Coupled Oxidation and Sequestration of Sb(III) via Oxygenation of Engineered FeS Nanoparticles: Dominant Role of Superoxide and Structural Incorporation

The oxidative transformation of highly toxic Sb(III) to less toxic Sb(V) is a critical detoxification pathway. While engineered carboxymethyl cellulose-stabilized FeS nanoparticles (CMC-FeS) have been traditionally applied for in situ remediation of water and soil under anoxic environments, information on coupled transformation of CMC-FeS and Sb(III) under oxic conditions has been limited. This study explored the oxidation and immobilization process and dynamic quantitative mechanisms of Sb(III) by CMC-FeS under oxic conditions. Experimental evidence integrated with density functional theory calculations revealed that structural Fe(II) activated adsorbed O2 via single-electron transfer.

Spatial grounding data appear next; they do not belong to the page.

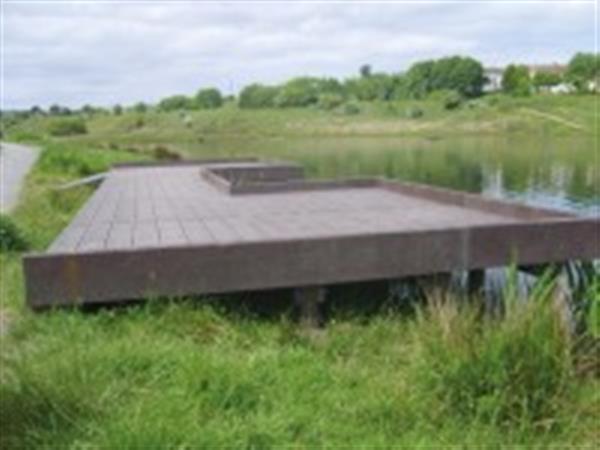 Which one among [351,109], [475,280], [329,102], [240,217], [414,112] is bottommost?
[414,112]

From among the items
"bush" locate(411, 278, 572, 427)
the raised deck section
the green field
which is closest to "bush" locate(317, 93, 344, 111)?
the raised deck section

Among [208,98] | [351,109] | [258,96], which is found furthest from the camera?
[208,98]

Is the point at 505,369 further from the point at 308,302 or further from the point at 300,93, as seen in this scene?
the point at 300,93

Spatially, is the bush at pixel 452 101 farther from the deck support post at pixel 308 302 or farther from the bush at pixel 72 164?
the deck support post at pixel 308 302

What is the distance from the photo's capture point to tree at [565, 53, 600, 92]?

Crucially, superoxide radicals (•O2–) were identified as the dominant oxidant, contributing 77.5% to Sb(III) oxidation, significantly outperforming hydroxyl radicals (•OH, 22.5%). Concurrently, CMC-FeS was transformed into lepidocrocite, effectively sequestering the generated Sb(V) predominantly through structural incorporation into the Fe (oxyhydr)oxide lattice. At equilibrium, 73.6% of Sb(III) was adsorbed, of which 98.0% was oxidized to Sb(V), with 52.8% of the generated Sb(V) retained in the solid phase. The Sb(III) oxidation increased with increasing CMC-FeS dosage, and the highest oxidation was observed at neutral pH. These findings elucidate the oxidative capacity of FeS in oxic environments and underscore the previously overlooked roles of •O2– and Fe (oxyhydr)oxides, suggesting that coupling CMC-FeS with oxygen offers a sustainable strategy for remediating redox-active contaminants.